Search the records for lines that contain the word "orange". Copy them all.
--- Data ---
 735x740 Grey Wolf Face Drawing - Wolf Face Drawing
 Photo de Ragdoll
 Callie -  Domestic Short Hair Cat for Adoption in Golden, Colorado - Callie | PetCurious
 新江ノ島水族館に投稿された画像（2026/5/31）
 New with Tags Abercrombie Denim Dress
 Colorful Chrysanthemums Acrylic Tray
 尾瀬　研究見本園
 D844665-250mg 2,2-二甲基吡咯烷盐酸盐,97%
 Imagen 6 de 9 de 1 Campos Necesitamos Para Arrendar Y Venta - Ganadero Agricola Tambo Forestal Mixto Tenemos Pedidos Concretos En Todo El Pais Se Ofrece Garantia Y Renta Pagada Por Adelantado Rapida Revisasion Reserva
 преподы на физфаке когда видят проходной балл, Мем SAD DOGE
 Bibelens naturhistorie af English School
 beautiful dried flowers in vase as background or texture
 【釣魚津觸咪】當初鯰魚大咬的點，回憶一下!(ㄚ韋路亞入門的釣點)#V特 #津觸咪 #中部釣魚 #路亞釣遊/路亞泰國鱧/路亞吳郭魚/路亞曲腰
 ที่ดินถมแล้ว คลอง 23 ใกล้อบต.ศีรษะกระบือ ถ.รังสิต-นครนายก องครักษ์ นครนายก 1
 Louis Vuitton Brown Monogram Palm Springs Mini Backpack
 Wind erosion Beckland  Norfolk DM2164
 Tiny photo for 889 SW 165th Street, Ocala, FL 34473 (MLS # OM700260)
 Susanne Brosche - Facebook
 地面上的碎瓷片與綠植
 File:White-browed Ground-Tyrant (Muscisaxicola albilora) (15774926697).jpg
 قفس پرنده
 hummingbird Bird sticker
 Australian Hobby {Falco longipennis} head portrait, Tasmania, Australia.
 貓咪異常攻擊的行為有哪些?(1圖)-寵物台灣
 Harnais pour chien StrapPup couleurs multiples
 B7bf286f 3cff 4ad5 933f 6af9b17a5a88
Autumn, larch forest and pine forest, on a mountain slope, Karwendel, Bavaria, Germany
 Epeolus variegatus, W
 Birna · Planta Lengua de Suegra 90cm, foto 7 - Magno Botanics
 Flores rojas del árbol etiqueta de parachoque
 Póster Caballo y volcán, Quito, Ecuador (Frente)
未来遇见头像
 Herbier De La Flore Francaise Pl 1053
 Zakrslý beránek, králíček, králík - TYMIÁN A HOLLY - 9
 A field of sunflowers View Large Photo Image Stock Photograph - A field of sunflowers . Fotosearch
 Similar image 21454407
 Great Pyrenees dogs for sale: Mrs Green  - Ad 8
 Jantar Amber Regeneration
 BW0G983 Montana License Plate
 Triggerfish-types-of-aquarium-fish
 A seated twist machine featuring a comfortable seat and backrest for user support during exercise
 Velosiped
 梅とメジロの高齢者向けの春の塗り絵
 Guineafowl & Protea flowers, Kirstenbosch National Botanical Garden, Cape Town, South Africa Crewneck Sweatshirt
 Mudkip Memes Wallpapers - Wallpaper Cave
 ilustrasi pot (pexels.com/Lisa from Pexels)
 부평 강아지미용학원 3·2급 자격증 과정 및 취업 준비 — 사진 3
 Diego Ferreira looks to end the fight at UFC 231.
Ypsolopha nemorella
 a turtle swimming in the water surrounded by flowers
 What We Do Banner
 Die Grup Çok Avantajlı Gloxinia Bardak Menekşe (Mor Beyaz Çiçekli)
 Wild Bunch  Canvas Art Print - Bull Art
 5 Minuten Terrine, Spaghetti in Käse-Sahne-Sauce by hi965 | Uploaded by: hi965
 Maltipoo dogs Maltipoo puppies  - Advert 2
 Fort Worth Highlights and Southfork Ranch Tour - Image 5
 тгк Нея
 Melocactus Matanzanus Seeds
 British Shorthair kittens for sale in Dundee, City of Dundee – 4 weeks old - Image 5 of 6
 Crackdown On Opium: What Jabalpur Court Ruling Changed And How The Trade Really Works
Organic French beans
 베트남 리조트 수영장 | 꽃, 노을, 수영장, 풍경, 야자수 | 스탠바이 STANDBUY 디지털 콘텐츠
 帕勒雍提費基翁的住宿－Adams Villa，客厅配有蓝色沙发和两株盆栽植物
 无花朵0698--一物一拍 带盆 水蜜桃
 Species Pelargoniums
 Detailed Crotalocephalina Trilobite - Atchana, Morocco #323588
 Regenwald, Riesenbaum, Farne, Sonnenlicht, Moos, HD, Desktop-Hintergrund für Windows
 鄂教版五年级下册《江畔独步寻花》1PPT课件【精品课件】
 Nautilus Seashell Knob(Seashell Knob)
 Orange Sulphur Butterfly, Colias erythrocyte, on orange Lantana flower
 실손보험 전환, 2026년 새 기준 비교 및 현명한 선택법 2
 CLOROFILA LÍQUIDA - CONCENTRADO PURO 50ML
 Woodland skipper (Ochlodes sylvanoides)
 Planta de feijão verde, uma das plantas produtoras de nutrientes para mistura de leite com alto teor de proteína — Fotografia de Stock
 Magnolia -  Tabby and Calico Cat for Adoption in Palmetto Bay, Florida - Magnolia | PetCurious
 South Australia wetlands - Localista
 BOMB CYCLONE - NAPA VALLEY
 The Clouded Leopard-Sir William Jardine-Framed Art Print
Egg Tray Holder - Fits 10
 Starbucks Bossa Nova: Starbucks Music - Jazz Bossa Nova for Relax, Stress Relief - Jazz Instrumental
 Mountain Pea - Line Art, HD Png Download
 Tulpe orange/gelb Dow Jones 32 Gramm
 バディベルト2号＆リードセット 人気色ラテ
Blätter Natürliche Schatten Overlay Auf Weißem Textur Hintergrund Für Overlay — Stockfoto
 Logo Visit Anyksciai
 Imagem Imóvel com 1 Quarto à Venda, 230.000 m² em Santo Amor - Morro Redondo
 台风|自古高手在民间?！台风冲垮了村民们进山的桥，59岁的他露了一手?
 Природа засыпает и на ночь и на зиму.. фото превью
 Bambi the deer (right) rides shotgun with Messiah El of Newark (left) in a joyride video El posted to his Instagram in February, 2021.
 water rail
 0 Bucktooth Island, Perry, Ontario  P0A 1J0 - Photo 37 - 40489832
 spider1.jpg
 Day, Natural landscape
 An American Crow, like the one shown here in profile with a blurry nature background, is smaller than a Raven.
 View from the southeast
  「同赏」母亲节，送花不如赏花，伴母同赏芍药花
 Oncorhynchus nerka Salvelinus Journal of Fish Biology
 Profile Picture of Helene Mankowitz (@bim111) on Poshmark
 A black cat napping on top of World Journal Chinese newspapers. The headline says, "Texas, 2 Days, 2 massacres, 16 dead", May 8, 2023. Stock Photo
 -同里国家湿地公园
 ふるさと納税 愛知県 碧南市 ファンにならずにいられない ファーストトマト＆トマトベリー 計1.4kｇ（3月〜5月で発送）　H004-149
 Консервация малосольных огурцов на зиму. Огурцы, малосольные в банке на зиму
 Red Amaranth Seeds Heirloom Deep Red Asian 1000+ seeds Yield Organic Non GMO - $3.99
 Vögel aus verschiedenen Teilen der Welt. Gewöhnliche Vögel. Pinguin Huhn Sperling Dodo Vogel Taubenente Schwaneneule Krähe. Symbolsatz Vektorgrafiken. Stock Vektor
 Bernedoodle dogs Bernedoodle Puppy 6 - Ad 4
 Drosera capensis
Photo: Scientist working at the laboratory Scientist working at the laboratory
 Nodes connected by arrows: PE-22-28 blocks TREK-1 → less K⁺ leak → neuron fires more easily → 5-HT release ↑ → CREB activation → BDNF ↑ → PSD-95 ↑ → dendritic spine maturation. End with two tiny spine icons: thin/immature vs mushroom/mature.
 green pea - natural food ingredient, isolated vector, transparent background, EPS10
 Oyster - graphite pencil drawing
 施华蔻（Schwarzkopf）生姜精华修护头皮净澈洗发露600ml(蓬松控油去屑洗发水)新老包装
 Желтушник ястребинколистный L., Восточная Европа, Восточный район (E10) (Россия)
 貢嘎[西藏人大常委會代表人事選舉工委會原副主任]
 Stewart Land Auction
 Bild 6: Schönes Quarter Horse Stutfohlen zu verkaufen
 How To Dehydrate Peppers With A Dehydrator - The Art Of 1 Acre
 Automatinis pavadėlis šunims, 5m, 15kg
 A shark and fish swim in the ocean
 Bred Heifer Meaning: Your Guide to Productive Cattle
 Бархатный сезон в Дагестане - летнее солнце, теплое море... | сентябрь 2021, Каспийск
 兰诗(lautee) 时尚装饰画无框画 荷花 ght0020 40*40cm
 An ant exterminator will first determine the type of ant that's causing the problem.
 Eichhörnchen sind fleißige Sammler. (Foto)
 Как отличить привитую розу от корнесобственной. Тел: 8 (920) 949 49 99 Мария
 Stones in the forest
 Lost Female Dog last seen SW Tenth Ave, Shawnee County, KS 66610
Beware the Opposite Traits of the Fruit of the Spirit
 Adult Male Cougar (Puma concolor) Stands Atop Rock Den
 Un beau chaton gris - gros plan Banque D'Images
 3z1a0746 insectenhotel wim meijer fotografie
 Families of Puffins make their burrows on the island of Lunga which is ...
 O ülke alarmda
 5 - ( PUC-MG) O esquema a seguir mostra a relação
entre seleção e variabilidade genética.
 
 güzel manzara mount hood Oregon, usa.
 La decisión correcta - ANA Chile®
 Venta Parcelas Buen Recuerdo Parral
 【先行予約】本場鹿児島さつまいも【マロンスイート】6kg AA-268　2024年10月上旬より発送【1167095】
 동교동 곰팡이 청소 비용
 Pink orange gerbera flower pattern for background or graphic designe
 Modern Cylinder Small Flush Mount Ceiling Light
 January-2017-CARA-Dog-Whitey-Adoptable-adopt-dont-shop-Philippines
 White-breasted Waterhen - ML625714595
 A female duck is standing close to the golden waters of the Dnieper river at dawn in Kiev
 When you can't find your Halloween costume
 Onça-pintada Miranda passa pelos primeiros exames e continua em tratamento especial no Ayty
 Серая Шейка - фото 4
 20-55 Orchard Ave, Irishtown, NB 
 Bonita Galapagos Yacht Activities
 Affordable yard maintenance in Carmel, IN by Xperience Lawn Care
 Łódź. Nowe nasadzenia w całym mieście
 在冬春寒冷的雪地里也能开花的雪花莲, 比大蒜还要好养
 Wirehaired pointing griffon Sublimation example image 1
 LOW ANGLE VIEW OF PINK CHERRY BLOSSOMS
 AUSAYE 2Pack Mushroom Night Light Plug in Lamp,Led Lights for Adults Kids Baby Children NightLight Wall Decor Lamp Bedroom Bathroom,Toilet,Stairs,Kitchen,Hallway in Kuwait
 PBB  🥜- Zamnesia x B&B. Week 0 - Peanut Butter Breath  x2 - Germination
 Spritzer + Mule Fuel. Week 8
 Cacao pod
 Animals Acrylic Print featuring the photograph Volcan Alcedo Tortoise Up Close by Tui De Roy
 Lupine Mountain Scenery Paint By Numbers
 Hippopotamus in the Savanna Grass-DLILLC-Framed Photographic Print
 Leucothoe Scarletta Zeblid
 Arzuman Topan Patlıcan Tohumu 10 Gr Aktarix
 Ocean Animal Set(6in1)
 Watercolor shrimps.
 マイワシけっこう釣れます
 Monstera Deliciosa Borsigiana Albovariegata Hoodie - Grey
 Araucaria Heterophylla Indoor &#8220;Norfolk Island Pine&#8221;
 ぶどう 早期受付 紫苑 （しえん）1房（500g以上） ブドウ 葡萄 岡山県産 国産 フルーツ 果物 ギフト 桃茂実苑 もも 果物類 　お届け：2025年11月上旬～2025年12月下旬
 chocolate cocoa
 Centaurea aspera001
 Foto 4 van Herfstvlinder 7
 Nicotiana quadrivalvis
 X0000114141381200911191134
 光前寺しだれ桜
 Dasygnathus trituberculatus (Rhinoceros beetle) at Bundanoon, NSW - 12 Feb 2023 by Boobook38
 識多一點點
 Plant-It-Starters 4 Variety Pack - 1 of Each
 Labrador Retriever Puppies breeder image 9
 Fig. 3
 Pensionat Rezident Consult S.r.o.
---
Solution below:
 Orange Sulphur Butterfly, Colias erythrocyte, on orange Lantana flower
 Tulpe orange/gelb Dow Jones 32 Gramm
 Pink orange gerbera flower pattern for background or graphic designe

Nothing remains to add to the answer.